Setting aside the usual, tired, groundless attacks on the ESA, the report also includes a number of “case studies” intended to support the authors’ recommendations for reform. One of them focused on the imperiled greater sage-grouse , a species of concern to Defenders and a bird we know a lot about. We reviewed the case study and were stunned by the numerous falsehoods and baseless contentions it contained.
Following are just a few excerpts from the sage-grouse case study and Defenders’ responses to them. This case study is an example of the faulty information presented throughout “Report, Findings and Recommendations.”
Report Claim: Conservation organizations have sued to force sage-grouse listing
“Litigious environmental groups, through numerous lawsuits dating back to 2003, have sought federal ESA protection for the greater sage-grouse for years. Between 1999 and 2003, environmental groups filed eight petitions to list the greater sage-grouse (GSG). The Fish and Wildlife Service (FWS) responded with a finding in 2005 that an ESA listing was “not warranted.” Five lawsuits against the FWS were filed in multiple courts challenging FWS’ determination.”
Reality: Politics have played a big role in sage-grouse listing, and they shouldn’t
The U.S. Fish and Wildlife Service’s 2005 “not warranted” listing determination for greater sage-grouse was heavily manipulated by political appointees in the Bush Administration. Only one lawsuit was filed to challenge the decision, in which the federal District Court of Idaho remanded it back to the Service, finding that it “…was tainted by the inexcusable conduct of one of its own executives, Julie MacDonald, [whose] tactics included everything from editing scientific conclusions to intimidating FWS staffers.” The Fish and Wildlife Service subsequently determined in 2010 that the sage-grouse does warrant protection under the Endangered Species Act. The grouse became a candidate for listing in 2011, and now the agency is committed to consider it for listing in 2015.
Report Claim: Listing sage-grouse under the Endangered Species Act would cause economic ruin in the West
“The GSG is found in Washington, Oregon, Idaho, Montana, North Dakota, California, Nevada, Utah, Colorado, South Dakota and Wyoming. Listing the GSG would directly impact land management, economies and domestic energy supplies and production in these states.”
Reality: Protecting imperiled species provides myriad economic benefits, while sage-grouse conservation plans would allow continued land use and development in sage-grouse range
Protecting imperiled species conserves ecosystems that support human communities and economies , providing clean water, crop pollination, flood protection, and biodiversity important to pharmaceutical and agricultural research.

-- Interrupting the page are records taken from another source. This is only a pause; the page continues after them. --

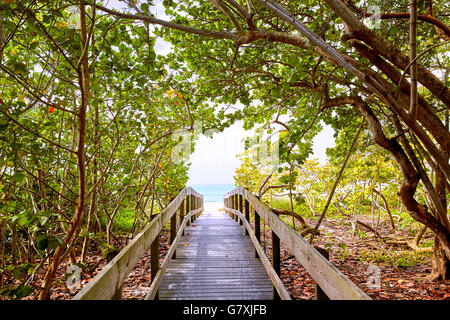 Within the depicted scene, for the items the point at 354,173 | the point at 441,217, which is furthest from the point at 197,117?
the point at 354,173

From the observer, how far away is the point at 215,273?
13.5 ft

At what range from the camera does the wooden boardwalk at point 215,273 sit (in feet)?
11.3

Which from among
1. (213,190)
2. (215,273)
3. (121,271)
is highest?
(213,190)

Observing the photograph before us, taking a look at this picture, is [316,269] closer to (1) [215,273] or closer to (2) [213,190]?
(1) [215,273]

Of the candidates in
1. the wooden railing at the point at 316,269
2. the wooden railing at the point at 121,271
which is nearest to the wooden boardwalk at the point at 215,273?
the wooden railing at the point at 316,269

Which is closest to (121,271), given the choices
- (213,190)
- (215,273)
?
(215,273)

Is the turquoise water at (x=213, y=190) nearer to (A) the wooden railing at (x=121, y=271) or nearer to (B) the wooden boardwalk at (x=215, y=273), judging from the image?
(B) the wooden boardwalk at (x=215, y=273)

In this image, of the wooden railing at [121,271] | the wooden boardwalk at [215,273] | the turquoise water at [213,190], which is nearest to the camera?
the wooden railing at [121,271]

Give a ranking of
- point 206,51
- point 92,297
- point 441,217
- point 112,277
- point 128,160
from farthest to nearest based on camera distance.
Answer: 1. point 128,160
2. point 206,51
3. point 441,217
4. point 112,277
5. point 92,297

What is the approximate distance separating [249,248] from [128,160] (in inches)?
113

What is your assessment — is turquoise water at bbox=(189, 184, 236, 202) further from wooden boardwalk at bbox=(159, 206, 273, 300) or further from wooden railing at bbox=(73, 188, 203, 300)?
wooden railing at bbox=(73, 188, 203, 300)

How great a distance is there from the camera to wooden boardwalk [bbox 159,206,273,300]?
344 cm

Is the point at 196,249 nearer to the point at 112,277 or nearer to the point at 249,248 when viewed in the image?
the point at 249,248

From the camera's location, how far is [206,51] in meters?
4.80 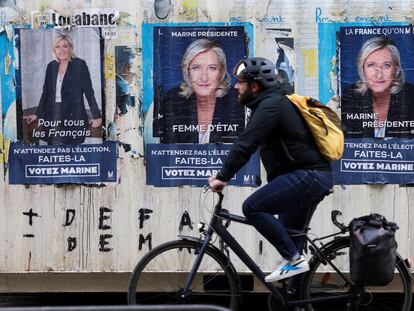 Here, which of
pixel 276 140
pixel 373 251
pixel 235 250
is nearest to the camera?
pixel 373 251

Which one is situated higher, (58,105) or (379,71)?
(379,71)

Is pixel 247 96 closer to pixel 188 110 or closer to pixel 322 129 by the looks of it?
pixel 322 129

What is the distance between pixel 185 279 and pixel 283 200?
3.26ft

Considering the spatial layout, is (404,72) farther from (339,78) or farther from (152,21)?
(152,21)

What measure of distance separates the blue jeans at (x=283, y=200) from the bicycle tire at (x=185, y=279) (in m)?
0.40

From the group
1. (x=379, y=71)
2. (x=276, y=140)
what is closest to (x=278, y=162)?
(x=276, y=140)

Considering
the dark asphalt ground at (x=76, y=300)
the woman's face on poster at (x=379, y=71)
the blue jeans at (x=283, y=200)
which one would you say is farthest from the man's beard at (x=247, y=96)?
the dark asphalt ground at (x=76, y=300)

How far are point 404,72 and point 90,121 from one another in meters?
2.56

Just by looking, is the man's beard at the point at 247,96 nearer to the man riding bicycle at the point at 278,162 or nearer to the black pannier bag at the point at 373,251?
the man riding bicycle at the point at 278,162

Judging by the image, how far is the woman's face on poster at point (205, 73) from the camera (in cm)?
563

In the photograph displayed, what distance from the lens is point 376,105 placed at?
220 inches

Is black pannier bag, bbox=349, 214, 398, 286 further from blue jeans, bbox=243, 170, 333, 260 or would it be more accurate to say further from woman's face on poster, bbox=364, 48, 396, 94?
woman's face on poster, bbox=364, 48, 396, 94

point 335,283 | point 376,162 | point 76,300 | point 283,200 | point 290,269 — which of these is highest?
point 376,162

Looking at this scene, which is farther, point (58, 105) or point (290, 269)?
point (58, 105)
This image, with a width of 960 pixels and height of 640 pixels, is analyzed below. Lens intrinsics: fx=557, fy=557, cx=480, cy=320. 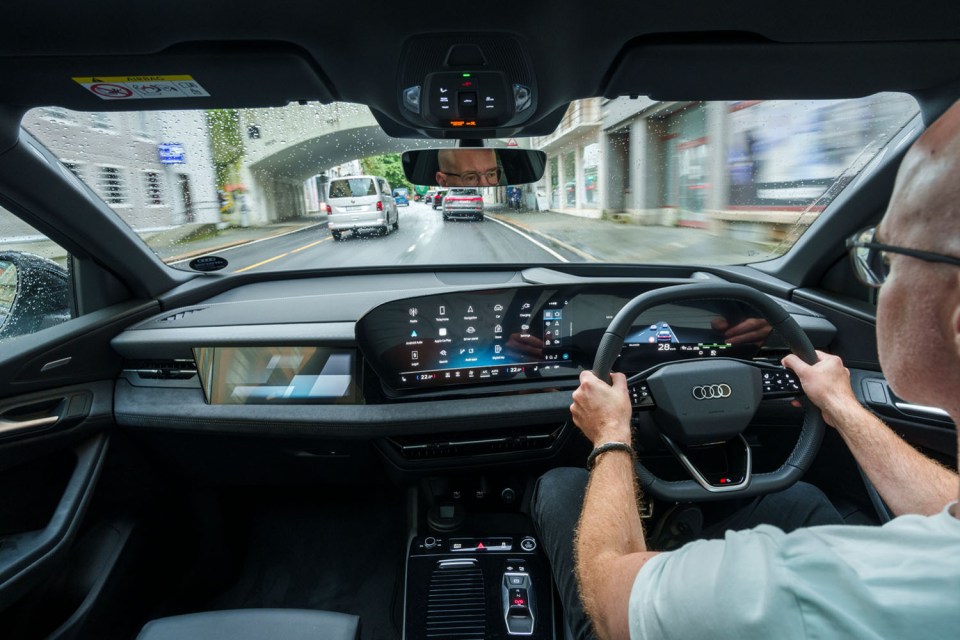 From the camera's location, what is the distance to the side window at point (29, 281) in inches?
95.4

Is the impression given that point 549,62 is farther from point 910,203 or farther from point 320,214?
Answer: point 320,214

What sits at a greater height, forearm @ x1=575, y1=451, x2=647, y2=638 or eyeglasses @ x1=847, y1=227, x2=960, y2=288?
eyeglasses @ x1=847, y1=227, x2=960, y2=288

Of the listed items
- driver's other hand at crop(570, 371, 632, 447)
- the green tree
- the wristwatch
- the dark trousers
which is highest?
the green tree

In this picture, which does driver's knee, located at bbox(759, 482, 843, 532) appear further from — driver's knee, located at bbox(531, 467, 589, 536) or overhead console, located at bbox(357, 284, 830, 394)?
driver's knee, located at bbox(531, 467, 589, 536)

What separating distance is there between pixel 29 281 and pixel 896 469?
3.48 meters

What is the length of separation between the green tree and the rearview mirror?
0.23 feet

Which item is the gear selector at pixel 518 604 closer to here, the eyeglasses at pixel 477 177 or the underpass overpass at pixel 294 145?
the eyeglasses at pixel 477 177

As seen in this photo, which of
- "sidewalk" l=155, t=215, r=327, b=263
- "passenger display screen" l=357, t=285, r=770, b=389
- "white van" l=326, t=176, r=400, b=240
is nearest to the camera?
"passenger display screen" l=357, t=285, r=770, b=389

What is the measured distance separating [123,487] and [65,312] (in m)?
0.90

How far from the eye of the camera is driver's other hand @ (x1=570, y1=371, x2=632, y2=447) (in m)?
1.60

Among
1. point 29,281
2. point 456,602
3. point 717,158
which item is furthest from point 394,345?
point 717,158

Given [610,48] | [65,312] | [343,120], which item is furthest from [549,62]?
[65,312]

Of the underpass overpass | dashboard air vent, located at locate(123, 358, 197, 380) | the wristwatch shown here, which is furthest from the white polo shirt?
dashboard air vent, located at locate(123, 358, 197, 380)

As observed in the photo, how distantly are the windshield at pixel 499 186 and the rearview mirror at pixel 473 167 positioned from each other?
0.19ft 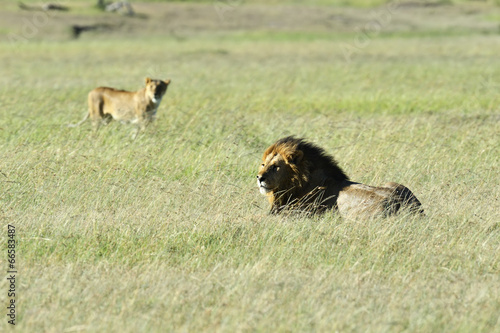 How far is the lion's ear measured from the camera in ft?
24.1

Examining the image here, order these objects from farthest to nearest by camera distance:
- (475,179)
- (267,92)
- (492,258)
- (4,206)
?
(267,92) → (475,179) → (4,206) → (492,258)

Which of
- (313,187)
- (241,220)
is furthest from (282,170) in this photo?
(241,220)

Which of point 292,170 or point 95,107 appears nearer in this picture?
point 292,170

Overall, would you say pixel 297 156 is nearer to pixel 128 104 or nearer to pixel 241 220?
pixel 241 220

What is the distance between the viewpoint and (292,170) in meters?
7.43

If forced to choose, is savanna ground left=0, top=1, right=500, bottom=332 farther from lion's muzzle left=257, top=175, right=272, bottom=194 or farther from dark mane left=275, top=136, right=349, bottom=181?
dark mane left=275, top=136, right=349, bottom=181

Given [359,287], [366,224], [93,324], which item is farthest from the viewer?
[366,224]

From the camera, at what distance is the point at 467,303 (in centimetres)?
493

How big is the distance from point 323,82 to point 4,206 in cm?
1571

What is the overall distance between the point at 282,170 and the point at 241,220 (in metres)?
0.77

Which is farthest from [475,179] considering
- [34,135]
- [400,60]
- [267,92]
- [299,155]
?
[400,60]

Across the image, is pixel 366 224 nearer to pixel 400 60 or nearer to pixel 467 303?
pixel 467 303

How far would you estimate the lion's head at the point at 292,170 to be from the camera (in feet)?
24.1

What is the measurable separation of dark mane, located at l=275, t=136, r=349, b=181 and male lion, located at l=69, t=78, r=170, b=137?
6.10 metres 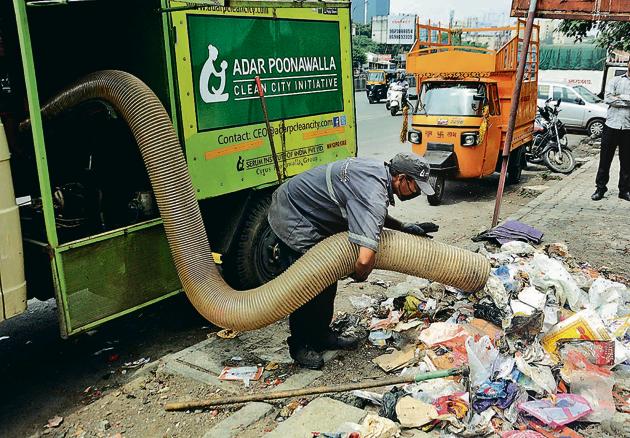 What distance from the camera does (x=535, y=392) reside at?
3.44 metres

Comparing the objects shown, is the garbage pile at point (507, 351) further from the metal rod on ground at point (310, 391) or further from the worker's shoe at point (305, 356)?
the worker's shoe at point (305, 356)

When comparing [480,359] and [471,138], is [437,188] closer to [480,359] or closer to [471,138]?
[471,138]

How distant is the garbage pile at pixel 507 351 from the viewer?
127 inches

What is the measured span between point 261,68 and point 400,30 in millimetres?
70460

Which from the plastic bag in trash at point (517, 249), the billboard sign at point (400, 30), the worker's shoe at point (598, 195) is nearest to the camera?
the plastic bag in trash at point (517, 249)

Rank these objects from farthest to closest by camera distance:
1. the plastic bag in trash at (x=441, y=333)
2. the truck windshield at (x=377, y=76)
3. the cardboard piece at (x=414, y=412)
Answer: the truck windshield at (x=377, y=76) < the plastic bag in trash at (x=441, y=333) < the cardboard piece at (x=414, y=412)

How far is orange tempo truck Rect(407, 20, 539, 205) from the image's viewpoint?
30.5ft

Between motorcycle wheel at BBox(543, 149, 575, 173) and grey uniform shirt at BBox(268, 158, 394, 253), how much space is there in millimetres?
9346

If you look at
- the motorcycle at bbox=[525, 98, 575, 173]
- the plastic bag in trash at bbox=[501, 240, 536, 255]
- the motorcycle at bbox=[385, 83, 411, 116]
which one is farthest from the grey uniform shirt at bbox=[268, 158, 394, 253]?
the motorcycle at bbox=[385, 83, 411, 116]

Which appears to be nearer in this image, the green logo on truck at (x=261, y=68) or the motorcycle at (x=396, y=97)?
the green logo on truck at (x=261, y=68)

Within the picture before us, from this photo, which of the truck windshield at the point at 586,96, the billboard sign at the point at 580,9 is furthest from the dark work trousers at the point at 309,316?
the truck windshield at the point at 586,96

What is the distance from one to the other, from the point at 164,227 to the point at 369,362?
1754mm

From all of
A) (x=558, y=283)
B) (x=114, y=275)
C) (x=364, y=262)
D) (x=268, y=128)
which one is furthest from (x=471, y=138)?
(x=114, y=275)

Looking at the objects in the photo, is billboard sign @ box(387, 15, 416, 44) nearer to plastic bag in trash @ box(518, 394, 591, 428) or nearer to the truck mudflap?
the truck mudflap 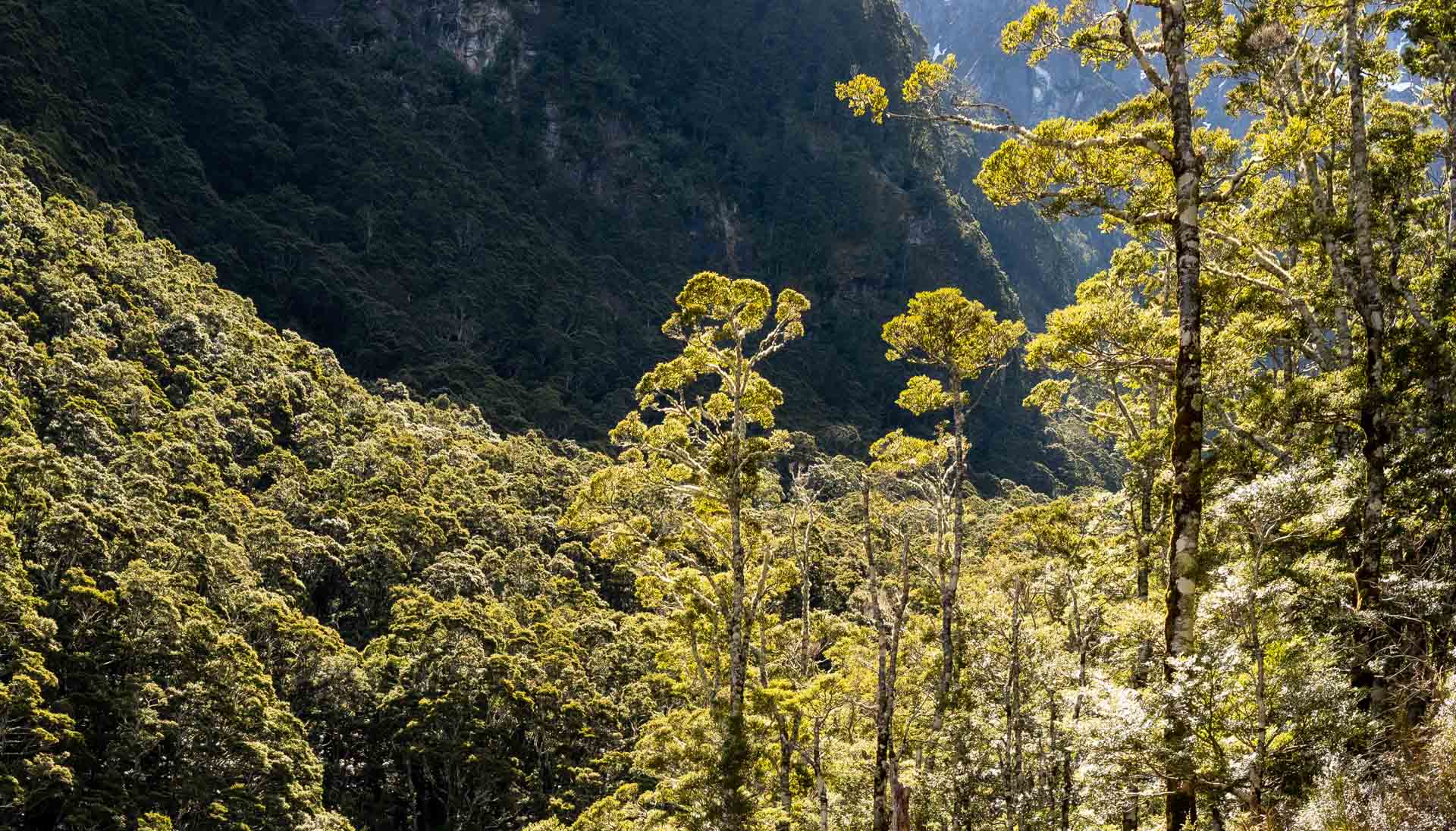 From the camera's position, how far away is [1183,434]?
6.30 meters

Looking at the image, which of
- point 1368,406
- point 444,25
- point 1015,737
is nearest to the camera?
point 1368,406

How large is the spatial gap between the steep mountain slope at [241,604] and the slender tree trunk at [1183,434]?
65.4 ft

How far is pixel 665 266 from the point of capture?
16300cm

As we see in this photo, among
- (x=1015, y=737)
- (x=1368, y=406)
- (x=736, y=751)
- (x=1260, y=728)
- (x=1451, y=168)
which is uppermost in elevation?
(x=1451, y=168)

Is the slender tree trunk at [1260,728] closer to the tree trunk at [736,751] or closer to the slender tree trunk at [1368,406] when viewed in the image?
the slender tree trunk at [1368,406]

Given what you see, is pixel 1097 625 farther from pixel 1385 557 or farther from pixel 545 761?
pixel 545 761

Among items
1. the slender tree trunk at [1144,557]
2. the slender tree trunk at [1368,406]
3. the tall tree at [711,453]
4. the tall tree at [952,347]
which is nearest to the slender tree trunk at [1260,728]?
the slender tree trunk at [1368,406]

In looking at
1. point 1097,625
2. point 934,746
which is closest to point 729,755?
point 934,746

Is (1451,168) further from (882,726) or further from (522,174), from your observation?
(522,174)

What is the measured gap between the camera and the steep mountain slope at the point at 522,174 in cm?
10912

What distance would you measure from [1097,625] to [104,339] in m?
57.5

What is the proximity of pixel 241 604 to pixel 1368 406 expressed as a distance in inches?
1543

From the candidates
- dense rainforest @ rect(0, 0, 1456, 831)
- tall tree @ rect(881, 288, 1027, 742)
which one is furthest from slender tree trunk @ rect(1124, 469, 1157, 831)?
tall tree @ rect(881, 288, 1027, 742)

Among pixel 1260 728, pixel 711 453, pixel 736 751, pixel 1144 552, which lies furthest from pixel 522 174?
pixel 1260 728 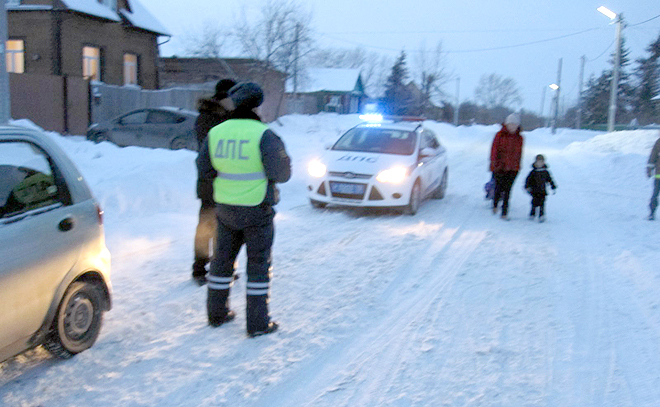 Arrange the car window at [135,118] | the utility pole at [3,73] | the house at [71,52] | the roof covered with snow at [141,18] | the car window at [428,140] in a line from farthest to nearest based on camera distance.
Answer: the roof covered with snow at [141,18] < the house at [71,52] < the car window at [135,118] < the car window at [428,140] < the utility pole at [3,73]

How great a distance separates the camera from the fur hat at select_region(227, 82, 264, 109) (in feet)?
14.9

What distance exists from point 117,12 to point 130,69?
2.84m

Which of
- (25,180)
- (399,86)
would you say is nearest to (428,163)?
(25,180)

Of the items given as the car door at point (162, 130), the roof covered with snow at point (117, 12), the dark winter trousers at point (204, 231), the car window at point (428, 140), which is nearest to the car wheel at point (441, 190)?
the car window at point (428, 140)

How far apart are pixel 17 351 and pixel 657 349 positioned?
4.42 metres

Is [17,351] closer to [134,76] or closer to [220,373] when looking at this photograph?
[220,373]

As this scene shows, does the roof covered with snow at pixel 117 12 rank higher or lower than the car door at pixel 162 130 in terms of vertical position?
higher

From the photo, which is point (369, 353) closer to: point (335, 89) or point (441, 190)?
point (441, 190)

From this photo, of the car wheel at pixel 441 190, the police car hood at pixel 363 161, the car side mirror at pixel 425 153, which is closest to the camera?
the police car hood at pixel 363 161

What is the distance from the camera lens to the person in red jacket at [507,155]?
10070 millimetres

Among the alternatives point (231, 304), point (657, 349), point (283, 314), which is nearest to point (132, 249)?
point (231, 304)

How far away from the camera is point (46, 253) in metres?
3.88

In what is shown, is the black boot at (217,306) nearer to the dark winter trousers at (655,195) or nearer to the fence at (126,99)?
the dark winter trousers at (655,195)

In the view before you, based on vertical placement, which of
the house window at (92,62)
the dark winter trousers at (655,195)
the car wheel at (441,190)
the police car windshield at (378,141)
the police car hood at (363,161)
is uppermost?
the house window at (92,62) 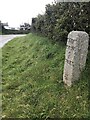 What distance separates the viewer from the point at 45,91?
662 centimetres

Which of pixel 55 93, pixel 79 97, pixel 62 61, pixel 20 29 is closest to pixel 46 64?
pixel 62 61

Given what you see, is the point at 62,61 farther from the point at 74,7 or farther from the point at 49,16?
the point at 49,16

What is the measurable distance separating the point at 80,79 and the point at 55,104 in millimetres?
865

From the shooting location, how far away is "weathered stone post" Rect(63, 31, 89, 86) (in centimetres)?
621

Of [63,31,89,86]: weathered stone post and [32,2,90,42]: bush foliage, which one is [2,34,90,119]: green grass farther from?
[32,2,90,42]: bush foliage

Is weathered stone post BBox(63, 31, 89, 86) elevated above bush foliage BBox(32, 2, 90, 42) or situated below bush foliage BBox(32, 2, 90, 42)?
below

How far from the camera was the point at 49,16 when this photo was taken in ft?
35.1

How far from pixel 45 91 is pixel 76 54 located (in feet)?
3.85

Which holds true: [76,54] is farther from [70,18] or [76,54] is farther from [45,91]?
[70,18]

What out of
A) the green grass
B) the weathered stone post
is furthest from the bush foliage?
the weathered stone post

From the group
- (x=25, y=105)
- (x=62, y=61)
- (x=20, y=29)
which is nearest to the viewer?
(x=25, y=105)

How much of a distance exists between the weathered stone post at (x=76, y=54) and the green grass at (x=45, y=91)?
0.17 meters

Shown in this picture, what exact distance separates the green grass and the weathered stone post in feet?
0.55

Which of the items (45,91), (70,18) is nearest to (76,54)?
(45,91) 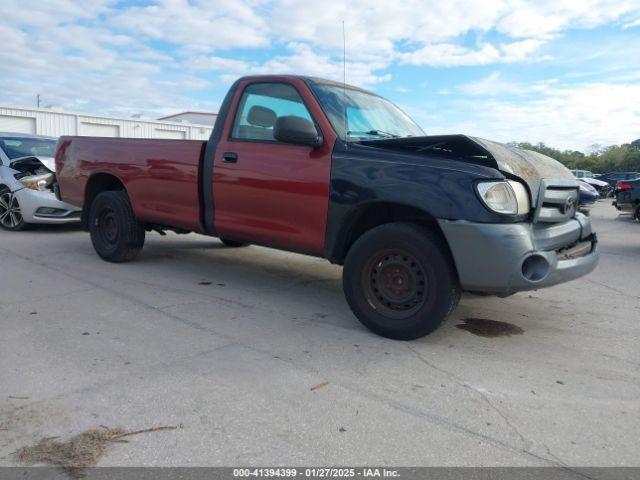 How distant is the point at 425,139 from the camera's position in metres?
3.84

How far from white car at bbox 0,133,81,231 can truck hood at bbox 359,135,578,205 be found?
6.17m

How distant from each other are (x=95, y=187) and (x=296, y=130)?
3546mm

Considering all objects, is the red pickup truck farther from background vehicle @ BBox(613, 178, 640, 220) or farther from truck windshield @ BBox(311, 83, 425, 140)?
background vehicle @ BBox(613, 178, 640, 220)

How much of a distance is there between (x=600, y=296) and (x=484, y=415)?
3436 mm

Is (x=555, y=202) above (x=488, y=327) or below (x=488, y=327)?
above

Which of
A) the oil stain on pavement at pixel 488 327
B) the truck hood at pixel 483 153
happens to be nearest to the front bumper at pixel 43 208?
the truck hood at pixel 483 153

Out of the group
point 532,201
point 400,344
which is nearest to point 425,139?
point 532,201

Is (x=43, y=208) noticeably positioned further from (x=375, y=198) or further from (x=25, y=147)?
(x=375, y=198)

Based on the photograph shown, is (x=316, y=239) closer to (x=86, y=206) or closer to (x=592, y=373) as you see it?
(x=592, y=373)

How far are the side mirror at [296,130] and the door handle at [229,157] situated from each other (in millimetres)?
745

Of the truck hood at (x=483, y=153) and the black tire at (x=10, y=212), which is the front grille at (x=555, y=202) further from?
the black tire at (x=10, y=212)

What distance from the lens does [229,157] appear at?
4992 millimetres

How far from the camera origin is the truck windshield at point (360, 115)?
456cm

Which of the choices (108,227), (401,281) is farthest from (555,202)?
(108,227) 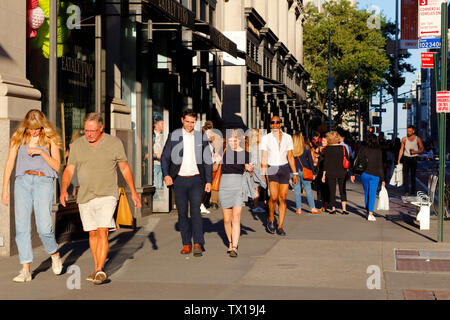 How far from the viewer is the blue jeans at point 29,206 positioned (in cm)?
863

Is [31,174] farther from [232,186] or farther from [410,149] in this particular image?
[410,149]

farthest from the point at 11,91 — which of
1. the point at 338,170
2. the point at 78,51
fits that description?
the point at 338,170

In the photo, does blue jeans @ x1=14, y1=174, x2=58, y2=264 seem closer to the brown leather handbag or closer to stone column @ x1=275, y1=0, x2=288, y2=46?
the brown leather handbag

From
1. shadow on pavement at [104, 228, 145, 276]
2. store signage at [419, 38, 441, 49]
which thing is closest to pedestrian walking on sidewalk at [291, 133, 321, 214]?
shadow on pavement at [104, 228, 145, 276]

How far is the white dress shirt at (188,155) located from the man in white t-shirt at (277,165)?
262 cm

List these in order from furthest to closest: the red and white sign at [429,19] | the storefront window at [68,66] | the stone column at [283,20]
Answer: the stone column at [283,20], the red and white sign at [429,19], the storefront window at [68,66]

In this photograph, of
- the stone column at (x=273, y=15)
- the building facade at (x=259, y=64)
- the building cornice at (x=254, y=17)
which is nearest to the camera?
the building facade at (x=259, y=64)

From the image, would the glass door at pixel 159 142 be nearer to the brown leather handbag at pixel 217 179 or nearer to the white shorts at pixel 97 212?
the brown leather handbag at pixel 217 179

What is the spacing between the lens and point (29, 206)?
8.70m

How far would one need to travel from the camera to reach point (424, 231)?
542 inches

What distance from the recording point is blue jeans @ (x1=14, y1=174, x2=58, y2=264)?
8633 mm

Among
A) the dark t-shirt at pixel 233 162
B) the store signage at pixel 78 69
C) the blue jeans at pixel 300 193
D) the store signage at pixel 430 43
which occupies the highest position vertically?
the store signage at pixel 430 43

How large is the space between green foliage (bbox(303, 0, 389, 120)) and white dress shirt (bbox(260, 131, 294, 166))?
5883 centimetres

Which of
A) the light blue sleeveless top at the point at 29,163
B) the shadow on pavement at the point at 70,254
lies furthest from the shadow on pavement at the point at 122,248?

States and federal agencies have initiated a number of planning efforts to conserve sage-grouse and their habitat. Although there are problems with some of the plans, both state and draft federal conservation plans would allow continued land use and development in sage-grouse range. Some activities may be managed to avoid impacts on priority habitat, the most essential areas for conserving the species.
Report Claim: Listing will undermine state conservation efforts for sage-grouse
“Several western states have …embarked on range-wide efforts to protect sage grouse habitat in an effort to avoid federal listing. The investment of time and resources at the state level has been considerable and according to one state wildlife manager, amounts to “numbers that we have never seen before in my profession being committed by a State to a single species.” Nonetheless…these state efforts still face the uncertainty of a listing that could undermine state efforts to conserve the GSG and discourage similar state efforts in the future.”
Reality: Federal listing would complement state conservation efforts for sage-grouse
The Endangered Species Act does not in any way impede state and local efforts to conserve listed species. In fact, species listing is usually accompanied by increased funding for research, population monitoring and habitat restoration that supports state and local conservation actions. The act also establishes processes for recognizing existing scientifically viable, legally sufficient conservation plans as preferred conservation strategies for listed species (e.g., Candidate Conservation Agreements with Assurances, Safe Harbor agreements).
Unfortunately, Congressional reports and condemnations about the Endangered Species Act are often without merit, which is why Defenders of Wildlife and our partners will remain vigilant about responding to them.